EXERCISE: Exactly as they appear, copy the lines from the one holding "Buñuelos de patata con pollo y requesón" through the end of the records, leaving pictures out.

SUPPLIED DATA:

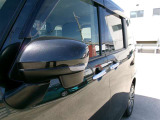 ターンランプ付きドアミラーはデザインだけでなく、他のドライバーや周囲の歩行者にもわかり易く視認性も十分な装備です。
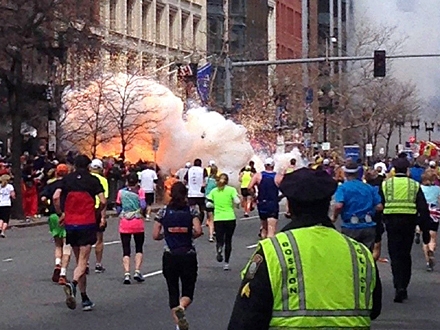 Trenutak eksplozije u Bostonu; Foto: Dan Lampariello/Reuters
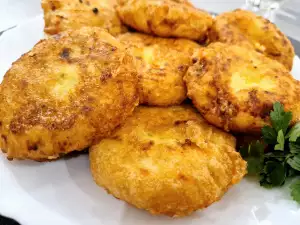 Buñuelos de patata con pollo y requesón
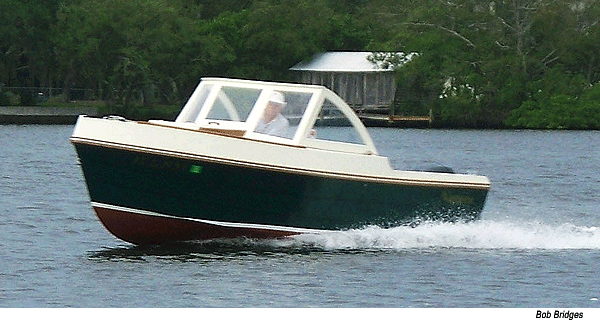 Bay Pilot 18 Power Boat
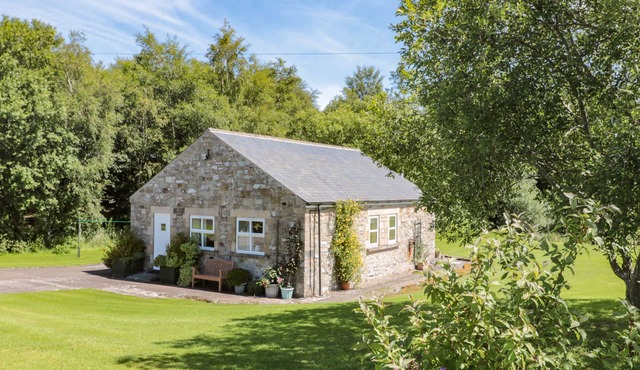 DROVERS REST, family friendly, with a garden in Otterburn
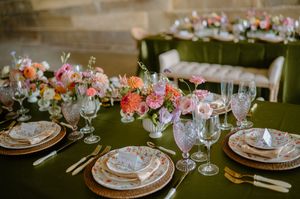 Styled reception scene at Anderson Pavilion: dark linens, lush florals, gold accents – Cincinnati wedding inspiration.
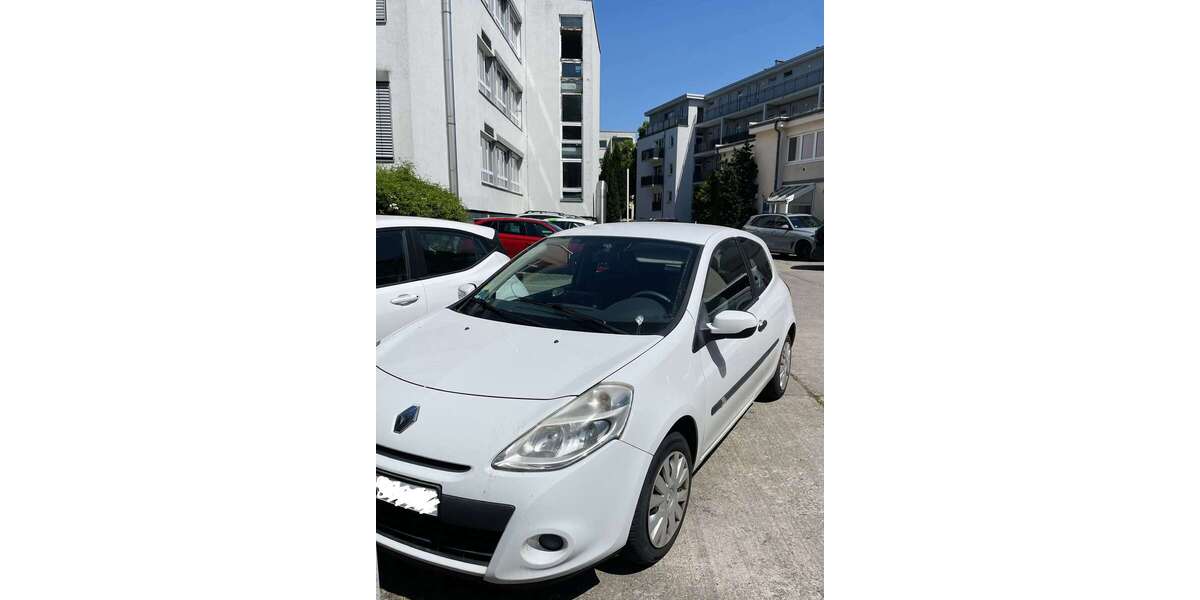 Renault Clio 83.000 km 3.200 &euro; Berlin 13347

ANSWER FOR THE TASK:
 Buñuelos de patata con pollo y requesón
 Bay Pilot 18 Power Boat
 DROVERS REST, family friendly, with a garden in Otterburn
 Styled reception scene at Anderson Pavilion: dark linens, lush florals, gold accents – Cincinnati wedding inspiration.
 Renault Clio 83.000 km 3.200 &euro; Berlin 13347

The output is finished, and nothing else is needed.